Por eso el matrimonio fue considerado siempre y en todas partes como algo santo y su celebración estaba rodeada de fiestas religiosas. Cuando se capta la profundidad del matrimonio se sabe que los esposos se aman mutuamente en su relación a Dios. Si Dios creó para Adán una hembra que fuera su complemento, podemos suponer que Eva no iba a ser sólo ayuda en la realización de su ser natural, sino también en el perfeccionamiento de su ser elevado sobrenaturalmente. Adán y Eva debían cultivar la tierra en común y del mismo modo debían lograr su máxima plenitud en Dios, ayudándose recíprocamente.

La virtud y fuerza salvadoras del matrimonio están testificadas en ese su origen divino y, por tanto, en él está prefigurada su sacramentalidad; los Padres de la Iglesia y teólogos de la cristiandad interpretando Ef. 5, 21-33, creen que la narración del Génesis prefigura la sacramentalidad del matrimonio de un modo más perfecto todavía, algunos de los primeros escolásticos, exagerando un poco, llegan a decir que el matrimonio sacramental fue instituido en el Paraíso.

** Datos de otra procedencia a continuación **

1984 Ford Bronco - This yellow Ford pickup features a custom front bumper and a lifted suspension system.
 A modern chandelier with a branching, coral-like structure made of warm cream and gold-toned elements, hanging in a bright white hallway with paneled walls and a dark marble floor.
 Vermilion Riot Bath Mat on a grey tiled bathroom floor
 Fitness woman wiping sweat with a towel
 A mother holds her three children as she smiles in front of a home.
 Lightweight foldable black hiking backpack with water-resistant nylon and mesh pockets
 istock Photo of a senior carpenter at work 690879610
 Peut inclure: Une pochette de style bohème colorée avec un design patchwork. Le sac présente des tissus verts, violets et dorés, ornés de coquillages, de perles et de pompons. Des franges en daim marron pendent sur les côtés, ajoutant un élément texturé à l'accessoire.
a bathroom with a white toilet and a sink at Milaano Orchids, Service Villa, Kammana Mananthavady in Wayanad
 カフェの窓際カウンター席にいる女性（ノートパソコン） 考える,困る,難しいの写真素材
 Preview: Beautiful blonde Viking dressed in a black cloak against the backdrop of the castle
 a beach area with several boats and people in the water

El texto de la Epístola a los Efesios dice: “Sujetos los unos a los otros en el temor de Cristo. Las casadas estén sujetas a sus maridos como al Señor; porque el marido es la cabeza de la mujer, como Cristo es la cabeza de la Iglesia y salvador de su cuerpo. Y como la Iglesia está sujeta a Cristo, así las mujeres a sus maridos en todo. Vosotros, los maridos, amad a vuestras mujeres, como Cristo amó a la Iglesia y se entregó por ella para santificarla, purificándola mediante el lavado del agua con la palabra, a fin de presentársela así gloriosa, sin mancha o arruga o cosa semejante, sino santa e intachable. Los maridos deben amar a sus mujeres como a su propio cuerpo. El que ama a su mujer, a sí mismo se ama, y nadie aborrece jamás su propia carne sino que la alimenta y la abriga como Cristo a la Iglesia porque somos miembros de su cuerpo. Por esto dejará el varón a su padre y a su madre y se unirá a su mujer, y serán dos en una carne. Gran misterio éste, pero entendido de Cristo y de la Iglesia. Por lo demás, ame cada uno a su mujer, y ámela como a sí mismo, y la mujer reverencie a su marido.”

En estas palabras anuncia San Pablo que el texto del Génesis significa más que lo que dice su sentido inmediato. La expresión “misterio” puede entenderse como sentido misterioso y escondido o como realidad misteriosa, revelada ahora y captable mediante la fe. Según la primera interpretación, la proposición paulina que sigue al texto del Génesis significa: estas palabras de la Escritura tienen, además del literal, un sentido profundo y misterioso; lo refiero a Cristo y a la Iglesia. Según la segunda interpretación significa: este misterio es grande; lo digo de la revelación de Cristo y de la Iglesia. Objetivamente ambas interpretaciones van a parar a lo mismo: según San Pablo, el texto del Génesis no sólo expresa la institución del matrimonio humano, sino que preanuncia la comunidad entre Cristo y la Iglesia, pre-revelada en el matrimonio humano; el texto del Génesis es una promesa. Cuando Cristo vino y tomó a la Iglesia por esposa, se reveló quién era en definitiva el hombre, que lo dejó todo por ir con su esposa; entonces se aclaró qué es lo que significa el “convertirse en una sola carne”. En la relación Cristo-Iglesia se cumple hasta el límite todo lo que había sido siempre aludido en el matrimonio. La comunidad entre varón y mujer era un proyecto de la comunidad de Cristo y de la Iglesia. Cfr. A. Wikenhauser, Dir Kirche ais der mystische Leib Christi nach dem Apostel Paulus, 1937, 206-207.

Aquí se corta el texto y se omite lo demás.